**Excerpted records**
# # # # # # #
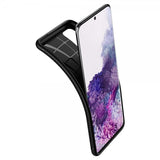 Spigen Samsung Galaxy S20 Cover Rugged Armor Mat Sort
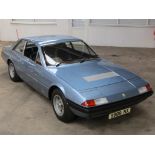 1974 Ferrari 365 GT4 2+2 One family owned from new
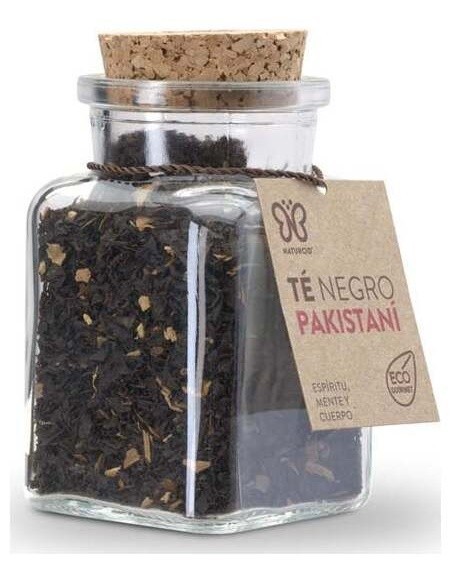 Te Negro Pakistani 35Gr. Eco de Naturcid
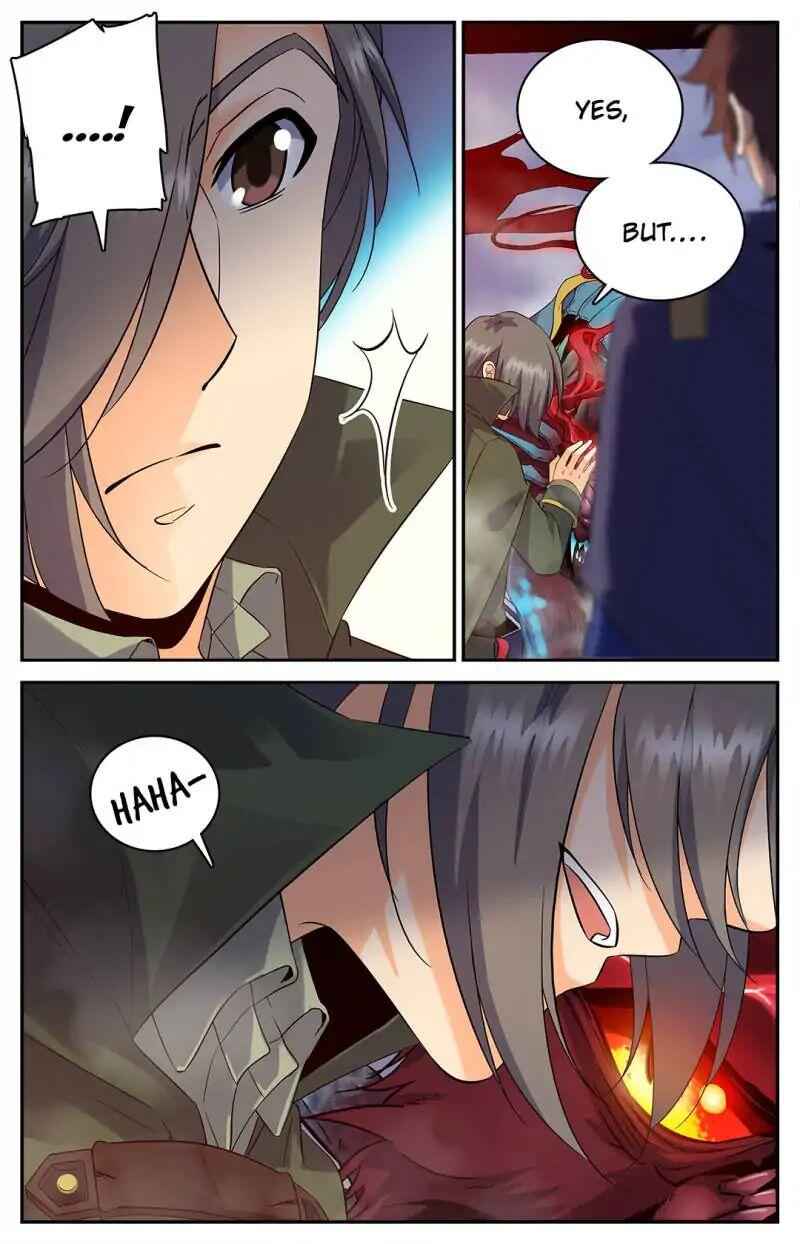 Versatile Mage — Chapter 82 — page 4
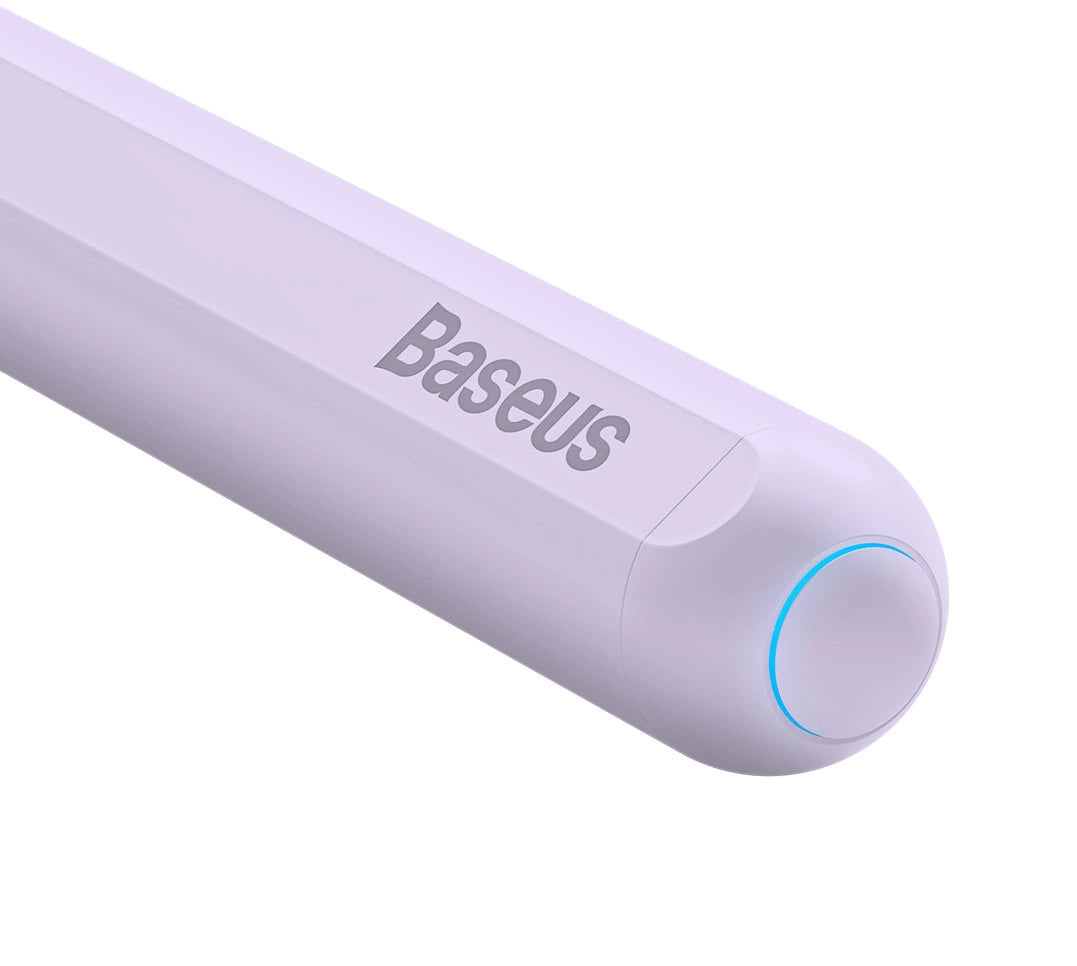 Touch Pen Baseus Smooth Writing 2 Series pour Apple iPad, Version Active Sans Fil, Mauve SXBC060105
# # # # # # #
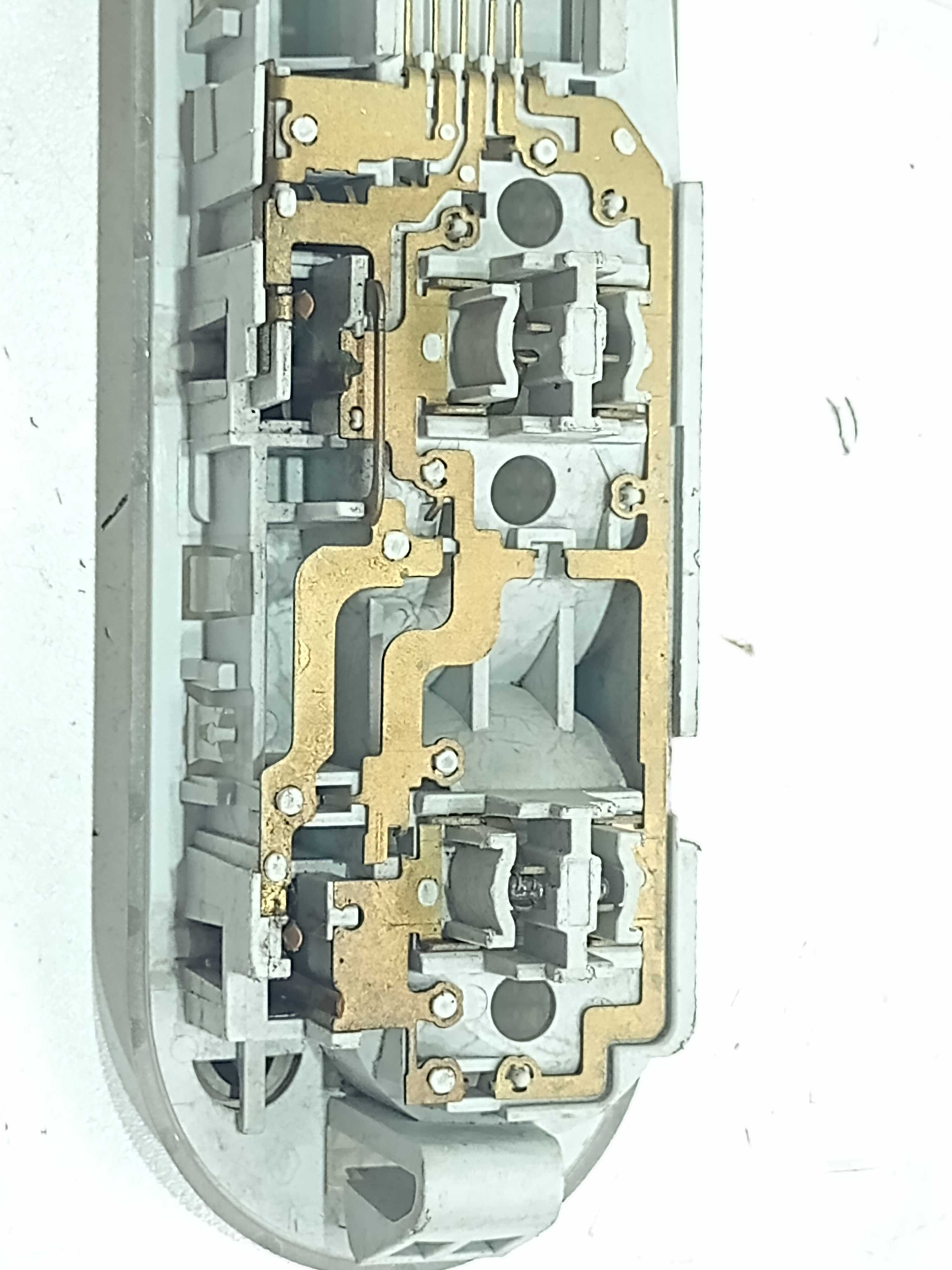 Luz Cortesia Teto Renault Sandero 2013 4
# # # # # # #
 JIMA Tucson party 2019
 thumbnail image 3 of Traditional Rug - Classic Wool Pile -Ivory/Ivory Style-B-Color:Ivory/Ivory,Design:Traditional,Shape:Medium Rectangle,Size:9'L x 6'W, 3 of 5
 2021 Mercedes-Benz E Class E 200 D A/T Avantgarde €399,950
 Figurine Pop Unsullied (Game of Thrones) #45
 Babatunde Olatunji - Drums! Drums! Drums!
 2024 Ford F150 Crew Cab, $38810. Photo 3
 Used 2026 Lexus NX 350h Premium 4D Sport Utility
# # # # # # #
**What the task asks**
Give back exactly the lines above, from the line containing "2021 Mercedes-Benz E" through the line containing "Used 2026 Lexus", with both end lines and nothing more.

**Written response**
 2021 Mercedes-Benz E Class E 200 D A/T Avantgarde €399,950
 Figurine Pop Unsullied (Game of Thrones) #45
 Babatunde Olatunji - Drums! Drums! Drums!
 2024 Ford F150 Crew Cab, $38810. Photo 3
 Used 2026 Lexus NX 350h Premium 4D Sport Utility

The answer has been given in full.